Understanding Alcohol Oxidation
Oxidation in organic chemistry often involves the loss of hydrogen atoms, the gain of oxygen atoms, or an increase in the number of bonds to oxygen for a carbon atom. For alcohols, the ability to be oxidized hinges on the presence of hydrogen atoms bonded to the carbon atom that carries the hydroxyl (-OH) group, known as the carbinol carbon.
- Primary alcohols (R-CH₂OH) have two hydrogen atoms attached to the carbinol carbon. They can be oxidized first to aldehydes and then further to carboxylic acids.
- Example: Ethanol (a primary alcohol) can be oxidized to ethanal (an aldehyde), and then to ethanoic acid (a carboxylic acid).
- Secondary alcohols (R₂-CHOH) have one hydrogen atom attached to the carbinol carbon. They can be oxidized to ketones.
- Example: Propan-2-ol (a secondary alcohol) can be oxidized to propanone (a ketone).
The Unoxidizable: Tertiary Alcohols
In contrast to primary and secondary alcohols, a tertiary alcohol (R₃-COH) possesses a carbinol carbon that is bonded to three other carbon atoms and no hydrogen atoms. This crucial structural difference is why tertiary alcohols cannot be oxidized in the same manner.
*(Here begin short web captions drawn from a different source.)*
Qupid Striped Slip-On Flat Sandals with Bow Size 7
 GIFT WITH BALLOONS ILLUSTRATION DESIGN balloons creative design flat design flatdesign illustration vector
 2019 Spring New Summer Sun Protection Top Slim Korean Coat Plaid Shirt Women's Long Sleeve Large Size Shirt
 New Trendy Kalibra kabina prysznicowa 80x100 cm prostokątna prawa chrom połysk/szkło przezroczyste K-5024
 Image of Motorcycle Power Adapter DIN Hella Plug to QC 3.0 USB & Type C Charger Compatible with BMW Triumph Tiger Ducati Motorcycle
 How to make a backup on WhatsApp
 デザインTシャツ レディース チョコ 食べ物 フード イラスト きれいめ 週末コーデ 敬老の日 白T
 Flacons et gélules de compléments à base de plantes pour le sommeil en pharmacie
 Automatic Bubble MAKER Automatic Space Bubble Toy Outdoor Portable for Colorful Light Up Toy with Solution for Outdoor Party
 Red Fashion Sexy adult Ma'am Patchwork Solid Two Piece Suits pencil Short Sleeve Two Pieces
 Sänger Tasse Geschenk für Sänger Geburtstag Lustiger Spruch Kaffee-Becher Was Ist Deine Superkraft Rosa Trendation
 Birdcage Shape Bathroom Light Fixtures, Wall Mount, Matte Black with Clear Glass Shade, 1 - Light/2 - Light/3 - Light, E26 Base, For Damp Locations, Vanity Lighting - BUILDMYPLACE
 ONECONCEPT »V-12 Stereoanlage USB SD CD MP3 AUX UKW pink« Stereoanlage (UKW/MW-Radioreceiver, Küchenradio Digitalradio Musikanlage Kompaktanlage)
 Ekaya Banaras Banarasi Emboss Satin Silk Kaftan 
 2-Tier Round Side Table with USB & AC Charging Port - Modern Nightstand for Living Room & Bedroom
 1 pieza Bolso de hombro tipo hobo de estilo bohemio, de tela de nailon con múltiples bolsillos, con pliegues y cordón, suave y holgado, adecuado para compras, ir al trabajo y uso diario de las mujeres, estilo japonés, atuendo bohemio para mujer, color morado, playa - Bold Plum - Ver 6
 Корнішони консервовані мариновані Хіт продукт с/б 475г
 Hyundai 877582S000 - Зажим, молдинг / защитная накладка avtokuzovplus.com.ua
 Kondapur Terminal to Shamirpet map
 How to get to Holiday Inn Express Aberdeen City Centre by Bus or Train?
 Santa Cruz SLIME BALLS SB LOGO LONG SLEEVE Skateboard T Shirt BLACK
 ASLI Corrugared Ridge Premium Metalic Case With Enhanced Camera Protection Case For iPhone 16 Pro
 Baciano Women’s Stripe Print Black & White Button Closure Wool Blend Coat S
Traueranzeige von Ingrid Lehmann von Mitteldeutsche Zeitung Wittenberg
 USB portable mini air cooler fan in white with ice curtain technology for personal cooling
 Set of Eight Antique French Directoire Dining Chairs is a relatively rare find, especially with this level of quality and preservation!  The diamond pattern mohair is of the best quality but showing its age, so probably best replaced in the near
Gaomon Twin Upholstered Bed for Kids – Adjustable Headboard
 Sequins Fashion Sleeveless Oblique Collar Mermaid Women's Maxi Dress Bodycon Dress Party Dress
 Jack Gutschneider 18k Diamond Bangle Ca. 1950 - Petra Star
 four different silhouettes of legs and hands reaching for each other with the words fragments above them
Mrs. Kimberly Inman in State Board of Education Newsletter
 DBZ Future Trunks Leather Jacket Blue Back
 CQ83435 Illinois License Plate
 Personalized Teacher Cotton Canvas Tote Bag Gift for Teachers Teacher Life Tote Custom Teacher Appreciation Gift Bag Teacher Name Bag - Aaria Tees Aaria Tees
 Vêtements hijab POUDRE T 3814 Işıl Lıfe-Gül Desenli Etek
Without a hydrogen atom on the carbinol carbon, the typical mechanism for alcohol oxidation, which involves the removal of hydrogen and the formation of a carbon-oxygen double bond (a carbonyl group, C=O), cannot occur. Under harsh oxidizing conditions, tertiary alcohols might undergo dehydration (loss of water) to form alkenes, or even cleavage of carbon-carbon bonds, but these reactions are not considered standard oxidation.
- Example: 2-methylpropan-2-ol (also known as tert-butyl alcohol) is a common tertiary alcohol. Its central carbon, bonded to the -OH group, is also bonded to three methyl (-CH₃) groups, leaving no hydrogens to be removed during oxidation.
Summary of Alcohol Oxidation
The table below summarizes the key differences in the oxidizability of various alcohol types:
| Alcohol Type | General Structure | Hydrogens on Carbinol Carbon | Typical Oxidation Product(s) | Can Be Oxidized? |
|---|---|---|---|---|
| Primary | R-CH₂OH | Two | Aldehyde, Carboxylic Acid | Yes |
| Secondary | R₂-CHOH | One | Ketone | Yes |
| Tertiary | R₃-COH | None | None (under typical conditions) | No |
Practical Implications
The distinct reactivity of different alcohol types, particularly the resistance of tertiary alcohols to oxidation, is a fundamental concept in organic chemistry. This difference allows chemists to selectively react primary or secondary alcohols in the presence of tertiary alcohols, which is valuable in multi-step organic synthesis. For instance, if a molecule contains both a primary and a tertiary alcohol, a chemist could choose an oxidizing agent to specifically target the primary alcohol without affecting the tertiary one.